Apa Saja Faktor-faktor Terjadinya Burnout pada Pegawai?

faktor burnout

Burnout merupakan sindrom kelelahan, baik secara fisik maupun mental yang termasuk di dalamnya berkembang konsep diri yang negatif, kurangnya konsentrasi serta perilaku kerja yang negatif (Pines & Maslach, 1993).

Apa yang membuat pegawai sebuah perusahaan mengalami burnout ?

1 Like

Menurut Leiter & Maslach (1997) burnout biasanya terjadi karena adanya ketidaksesuaian antara pekerjaan dengan pekerja. Ketika adanya perbedaan yang sangat besar antara individu yang bekerja dengan pekerjaannya akan mempengaruhi performasi kerja.

Leiter & Maslach (1997) membagi beberapa faktor yang mempengaruhi munculnya burnout, yaitu:

Work Overloaded

Work overload kemungkinan terjadi akibat ketidaksesuaian antara pekerja dengan pekerjaannya. Pekerja terlalu banyak melakukan pekerjaan dengan waktu yang sedikit. Overload terjadi karena pekerjaan yang dikerjaan melebihi kapasitas kemampuan manusia yang memiliki keterbatasan.

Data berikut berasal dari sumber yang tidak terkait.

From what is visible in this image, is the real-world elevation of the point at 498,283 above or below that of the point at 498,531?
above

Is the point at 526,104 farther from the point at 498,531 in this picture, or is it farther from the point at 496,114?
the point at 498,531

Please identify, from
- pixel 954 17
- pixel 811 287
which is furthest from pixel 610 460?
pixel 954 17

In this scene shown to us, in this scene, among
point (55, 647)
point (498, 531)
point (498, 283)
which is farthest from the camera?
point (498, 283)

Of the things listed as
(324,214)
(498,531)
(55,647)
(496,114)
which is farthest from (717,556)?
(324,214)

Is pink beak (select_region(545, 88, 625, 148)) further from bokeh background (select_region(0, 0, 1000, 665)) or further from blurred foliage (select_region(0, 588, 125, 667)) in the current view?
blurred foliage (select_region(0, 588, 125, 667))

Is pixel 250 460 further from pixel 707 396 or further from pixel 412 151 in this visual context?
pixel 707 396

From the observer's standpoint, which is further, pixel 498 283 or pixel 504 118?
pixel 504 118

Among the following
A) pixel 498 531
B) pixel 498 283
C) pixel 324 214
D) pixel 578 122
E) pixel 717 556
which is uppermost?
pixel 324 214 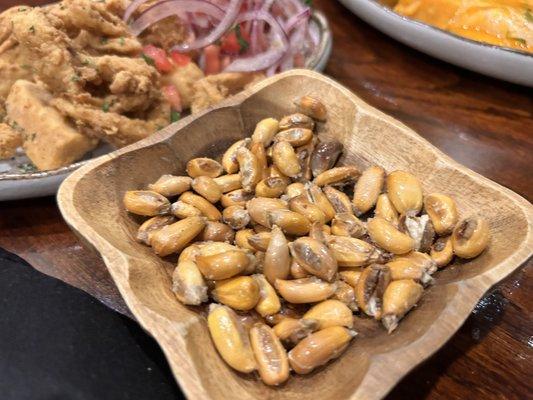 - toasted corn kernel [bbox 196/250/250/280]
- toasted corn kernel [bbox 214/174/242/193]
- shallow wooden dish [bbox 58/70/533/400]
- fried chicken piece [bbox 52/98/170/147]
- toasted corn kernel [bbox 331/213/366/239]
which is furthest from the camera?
fried chicken piece [bbox 52/98/170/147]

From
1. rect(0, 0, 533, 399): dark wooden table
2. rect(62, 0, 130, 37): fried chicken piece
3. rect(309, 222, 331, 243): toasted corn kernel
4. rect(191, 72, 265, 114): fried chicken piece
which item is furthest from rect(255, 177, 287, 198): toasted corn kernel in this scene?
rect(62, 0, 130, 37): fried chicken piece

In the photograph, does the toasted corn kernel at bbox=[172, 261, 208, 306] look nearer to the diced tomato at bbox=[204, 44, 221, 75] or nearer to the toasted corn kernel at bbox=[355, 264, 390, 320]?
the toasted corn kernel at bbox=[355, 264, 390, 320]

Hal ini dapat menyebabkan menurunnya kualitas pekerja, hubungan yang tidak sehat di lingkungan pekerjaan, menurunkan kreativitas pekerja, dan menyebabkan burnout.

Lack of Work Control

Semua orang memiliki keinginan untuk memiliki kesempatan dalam membuat pilihan, keputusan, menggunakan kemampuannya untuk berfikir dan menyelesaikan masalah, dan meraih prestasi. Adanya aturan terkadang membuat pekerja memiliki batasan dalam berinovasi, merasa kurang memiliki tanggung jawab dengan hasil yang mereka dapat karena adanya kontrol yang terlalu ketat dari atasan.

Rewarded for Work

Kurangnya apresiasi dari lingkungan kerja membuat pekerja merasa tidak bernilai. Apresiasi bukan hanya dilihat dari pemberian bonus (uang), tetapi hubungan yang terjalin baik antar pekerja, pekerja dengan atasan turut memberikan dampak pada pekerja. Adanya apresiasi yang diberikan akan meningkatkan afeksi positif dari pekerja yang juga merupakan nilai penting dalam menunjukkan bahwa seseorang sudah bekerja dengan baik.

Breakdown in Community

Pekerja yang kurang memiliki rasa belongingness terhadap lingkungan kerjanya (komunitas) akan menyebabkan kurangnya rasa keterikatan positif di tempat kerja. Seseorang akan bekerja dengan maksimal ketika memiliki kenyamanan, kebahagiaan yang terjalin dengan rasa saling menghargai, tetapi terkadang lingkungan kerja melakukan sebaliknya.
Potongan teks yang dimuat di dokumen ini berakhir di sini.